Indeed, there doesn’t seem to be a great amount of plot. The story opens with the main character, a lawyer named Utterson, walking with his cousin (there’s your frame story) who tells him about a house they passed that he (the cousin) chanced to be familiar with fairly recently.
After Edward Hyde, a quite disagreeable gentleman, trampled a child, he buys off the witnesses with a check signed by the reputable Dr. Henry Jekyll, who turns out to be Utterson’s client — and who had recently altered his will to make Hyde the sole beneficiary. The rest of the book centers around Utterson’s attempts to investigate who Hyde is, especially after Hyde randomly beats to death a Minister of Parliament (and another one of Utterson’s clients.) But Jekyll doesn’t really do much; indeed, he hides in his lab most of the time.

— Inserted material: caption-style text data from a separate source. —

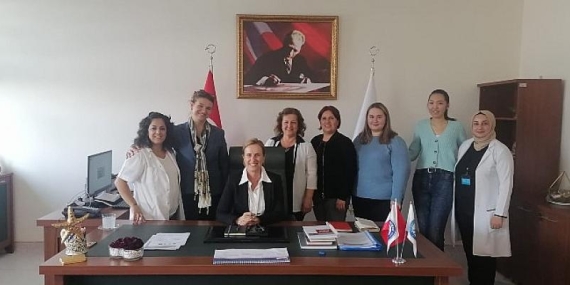 EÜ Sağlık Bilimleri Fakültesinden yeni bir uluslararasılaşma adımı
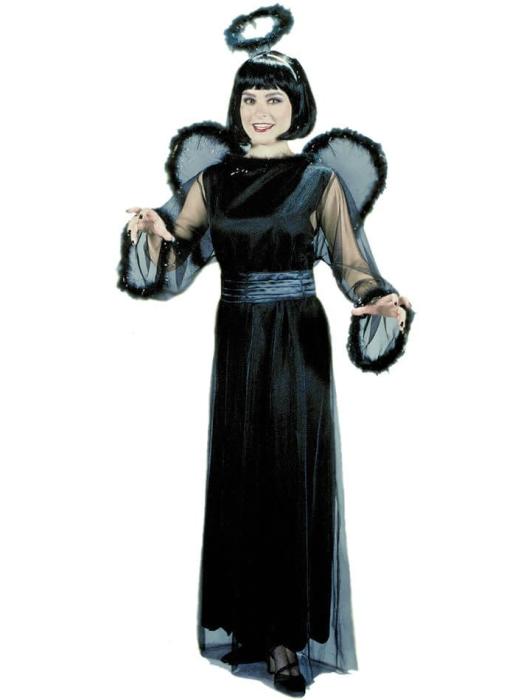 Карнавальный костюм Чёрный ангел взрослый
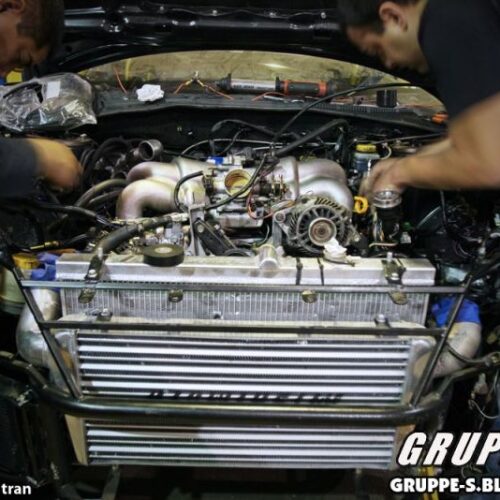 Mishimoto Universal Silver G Line Bar & Plate Intercooler Overall Size: 24.5x11.75x3 Core Size: 17.5 - Image 8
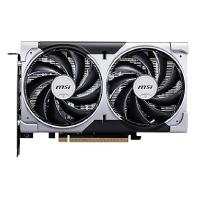 Esta es la imagen de tarjeta de video msi nvidia geforce rtx 5060 8g ventus 2xoc pcie 4 x 8/8gb/gddr6/estandar/2hdmi/1xdp/dl-dvi-d x 1gama media /gamer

At the end of the book they bust down the door and find Hyde there, having committed suicide by cyanide; all that’s left are two letters, one to a mutual friend, and the other to Utterson, and it’s through this that the actual plot is revealed. It’s frustrating that Robert Louis Stephenson decided to tell his story this way; the actual movements of Jekyll and Hyde are left a mystery until the very end, with Stephenson not even deigning to reveal the twist in the story proper. I find it rather lazy.
While the book attempts to ruminate on the duality of man (good vs evil, and how even good people can be a little bad, etc.) it feels half-formed and largely perfunctory. At best, it’s a penny dreadful with a half-assed moral. In spite of its fumbling attempts at having “meaning,” very little actually happens and then it’s over and then we get the actual story. It’s also incredibly short, with most of the story broken up into relatively small chapters.
While the book itself is of little substance, it’s certainly inspired a great deal in terms of horror and science fiction, influencing everything from mad scientists to werewolves; moreover, “like Jekyll and Hyde” is commonplace slang for hypocrisy, or mood swings.
And, indeed, there’s been ten shitloads of adaptations for stage and screen; not everyone liked Mary Reilly but as Julia Roberts vehicles go it’s a good look at Jekyll and Hyde from another perspective (and it’s got John Malkovich in it!) Or you could go with the straightforward 1931 adaptation. In fact, there’s been so many adaptations, so many extrapolations of the basic idea, that you are not bereft of choice for doing literally anything other than reading this book. For all its lasting influence, it seems that its importance outstrips its actual value as a book itself.